Required work :: Would you copy exactly the lines in the data below from the one that has "Sister I am" through the one that has "Кофта тёплая", dropping any pictures?

[Opening Input data section]

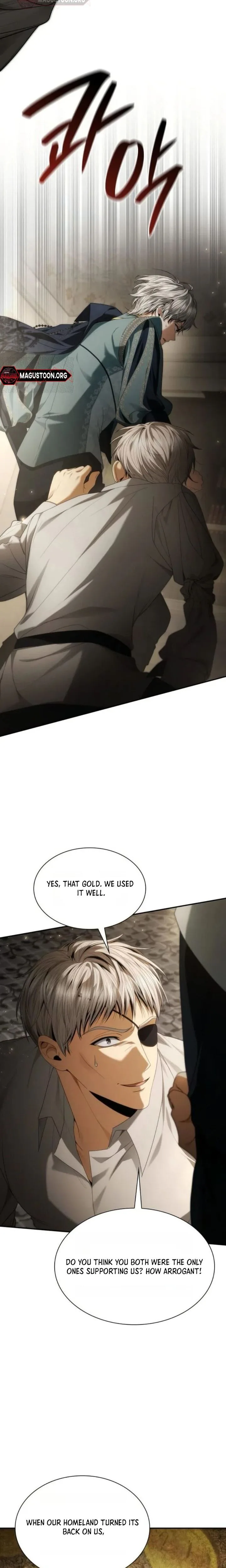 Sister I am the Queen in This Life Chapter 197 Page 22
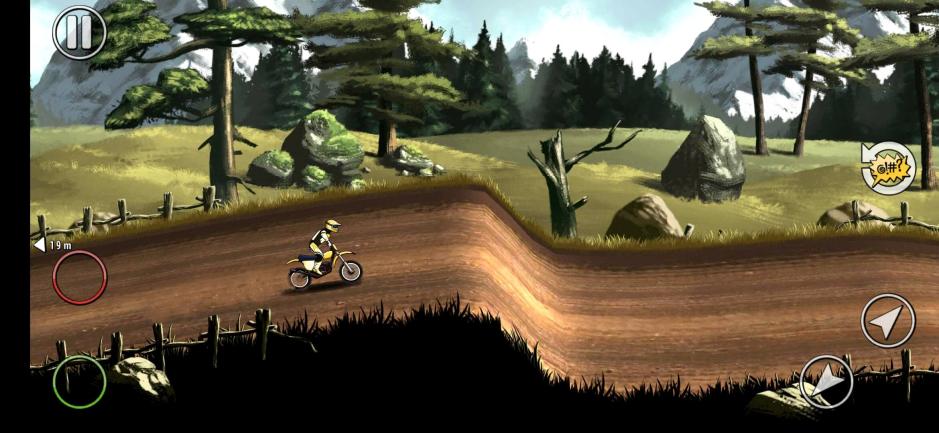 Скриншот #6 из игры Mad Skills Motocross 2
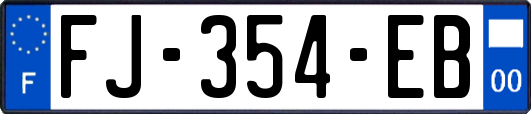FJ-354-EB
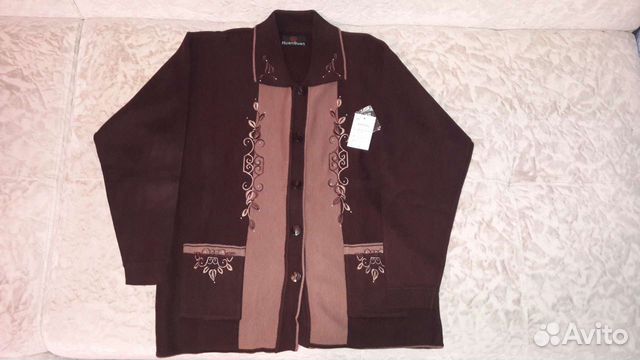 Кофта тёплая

[Closing Input data section]
[Opening Input data section]

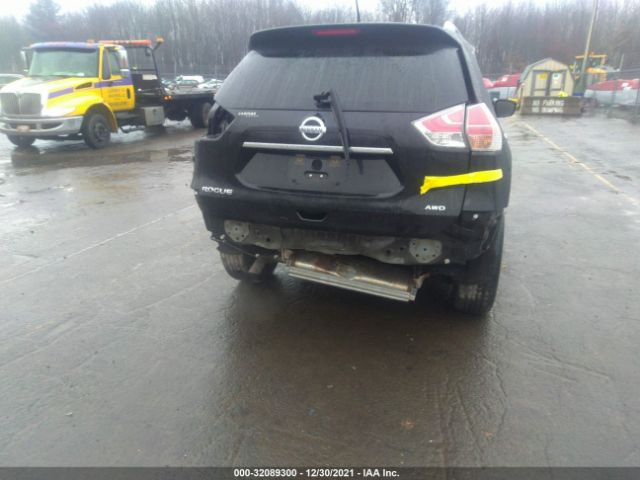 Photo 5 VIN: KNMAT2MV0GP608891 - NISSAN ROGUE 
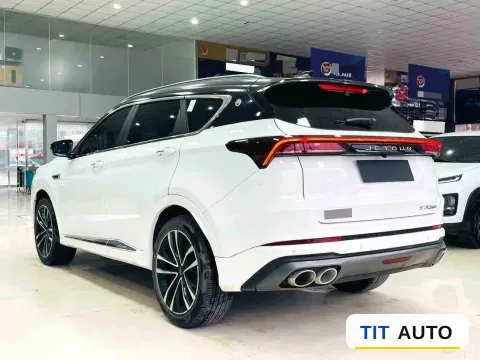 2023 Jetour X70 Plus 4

[Closing Input data section]

Exercise output ::
 Sister I am the Queen in This Life Chapter 197 Page 22
 Скриншот #6 из игры Mad Skills Motocross 2
FJ-354-EB
 Кофта тёплая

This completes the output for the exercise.